## PROBLEM STATEMENT
Leaving out pictures, output exactly the lines below from the one that has "Photo - 1267 Little Oak Cir" through the one that has "Продам Лада Гранта", and nothing else.

## SOURCE MATERIAL

<<<<

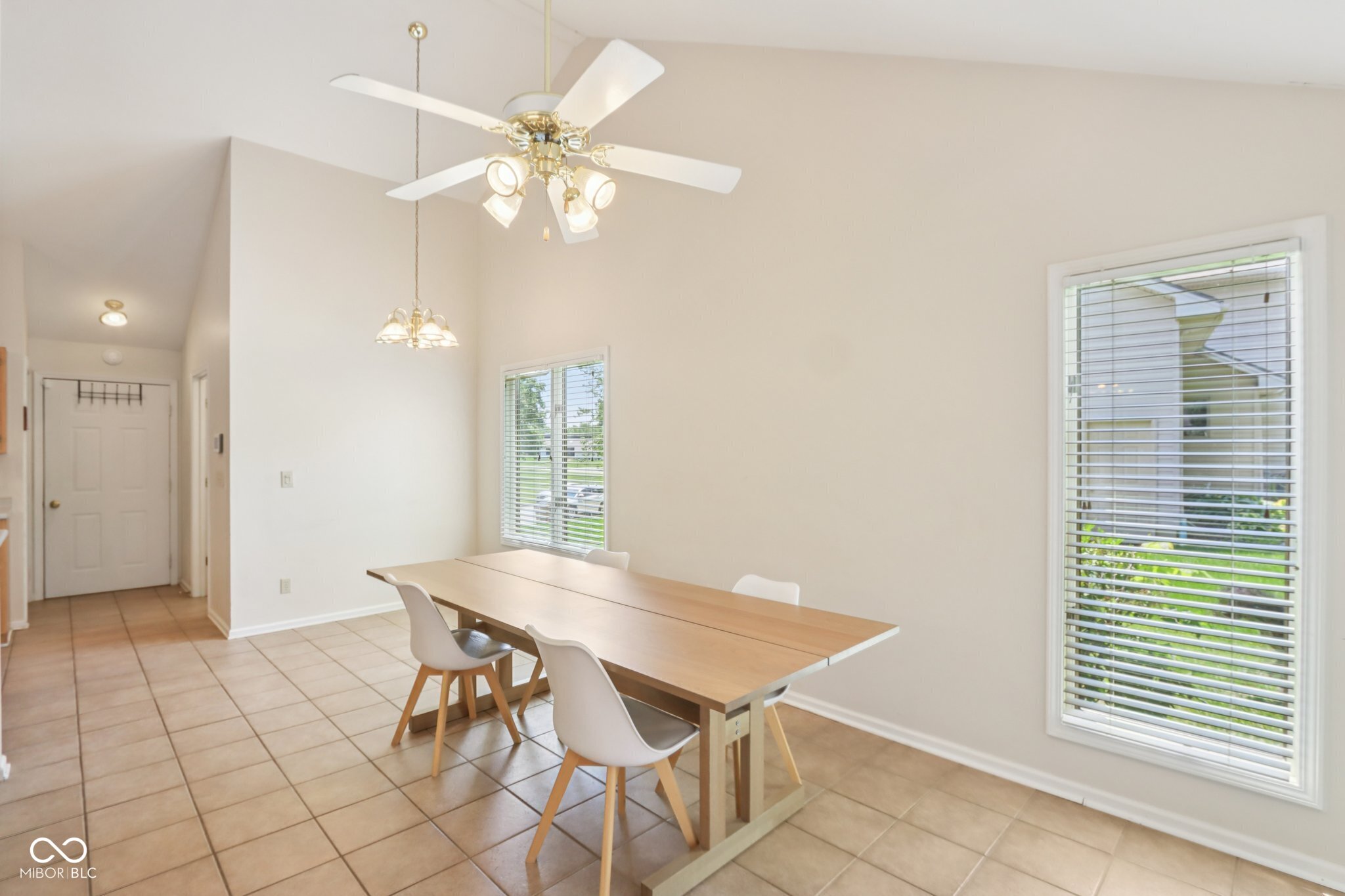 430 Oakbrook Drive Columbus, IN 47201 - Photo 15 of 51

>>>>
<<<<

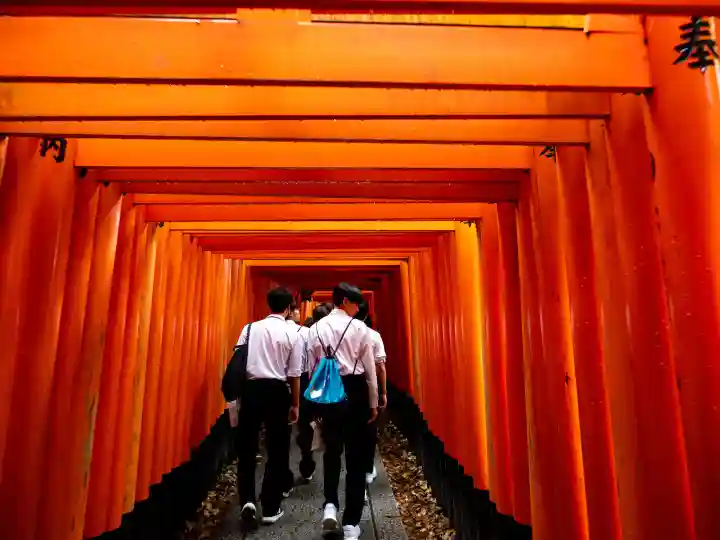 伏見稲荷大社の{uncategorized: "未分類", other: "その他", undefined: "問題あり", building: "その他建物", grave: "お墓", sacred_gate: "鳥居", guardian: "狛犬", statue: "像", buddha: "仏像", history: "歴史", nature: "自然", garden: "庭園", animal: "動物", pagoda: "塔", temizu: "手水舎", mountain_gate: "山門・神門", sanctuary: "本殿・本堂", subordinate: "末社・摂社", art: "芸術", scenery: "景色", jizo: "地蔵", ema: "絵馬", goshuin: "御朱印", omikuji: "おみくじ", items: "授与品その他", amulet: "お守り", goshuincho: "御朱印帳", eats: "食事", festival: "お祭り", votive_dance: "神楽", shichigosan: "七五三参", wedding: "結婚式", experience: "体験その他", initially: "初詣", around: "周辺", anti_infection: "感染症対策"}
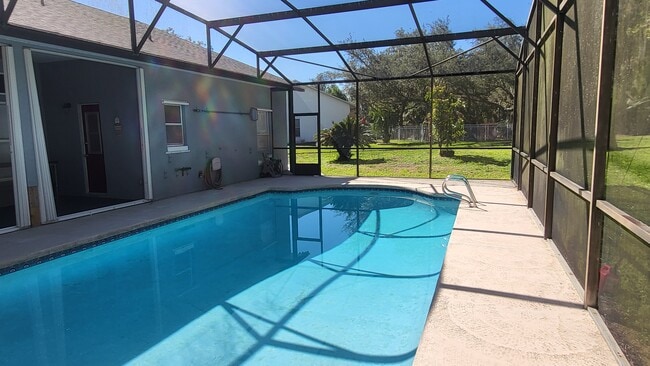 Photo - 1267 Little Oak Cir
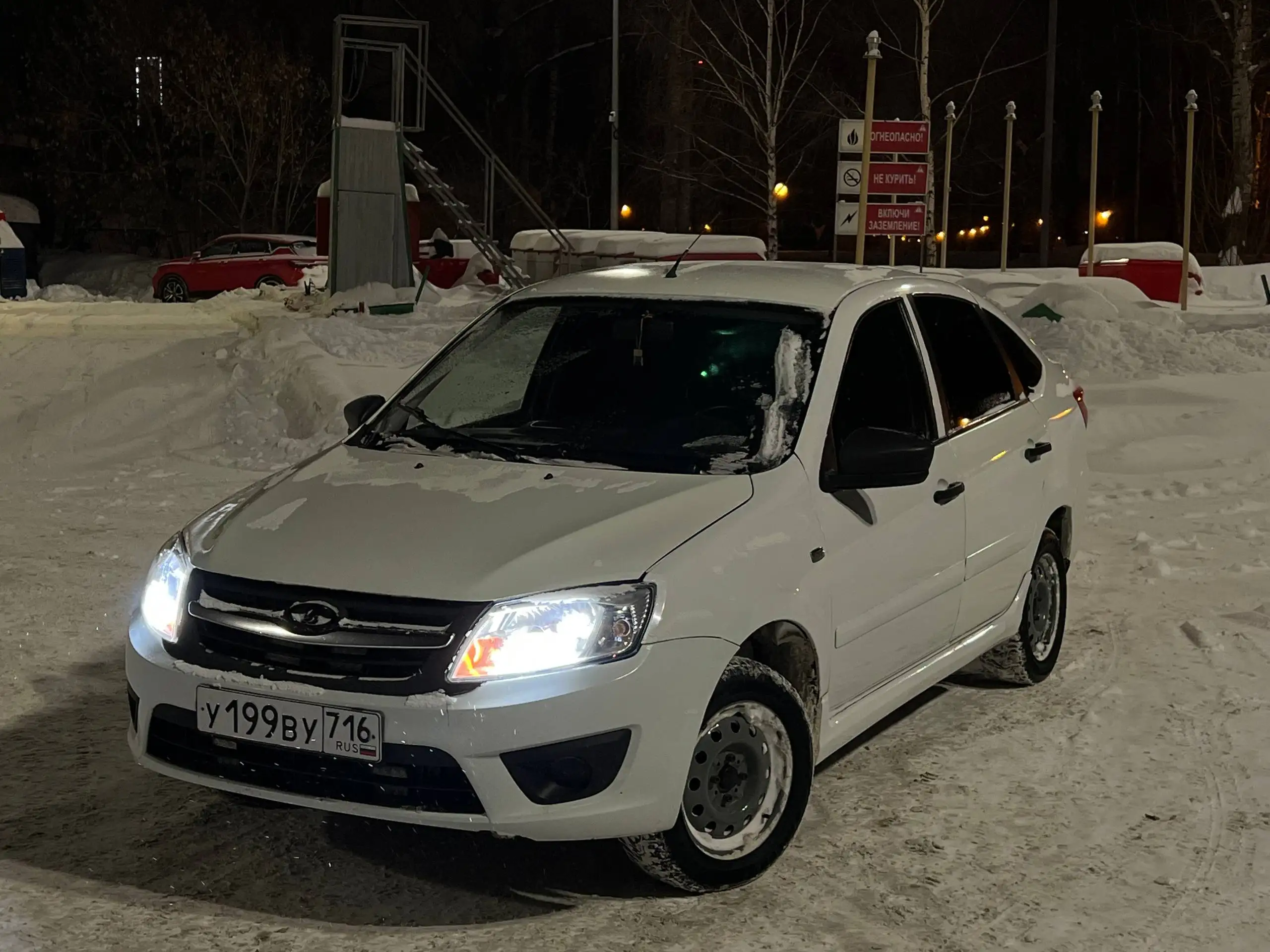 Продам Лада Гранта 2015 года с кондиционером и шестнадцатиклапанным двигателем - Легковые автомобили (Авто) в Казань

>>>>

## TASK RESPONSE
 Photo - 1267 Little Oak Cir
 Продам Лада Гранта 2015 года с кондиционером и шестнадцатиклапанным двигателем - Легковые автомобили (Авто) в Казань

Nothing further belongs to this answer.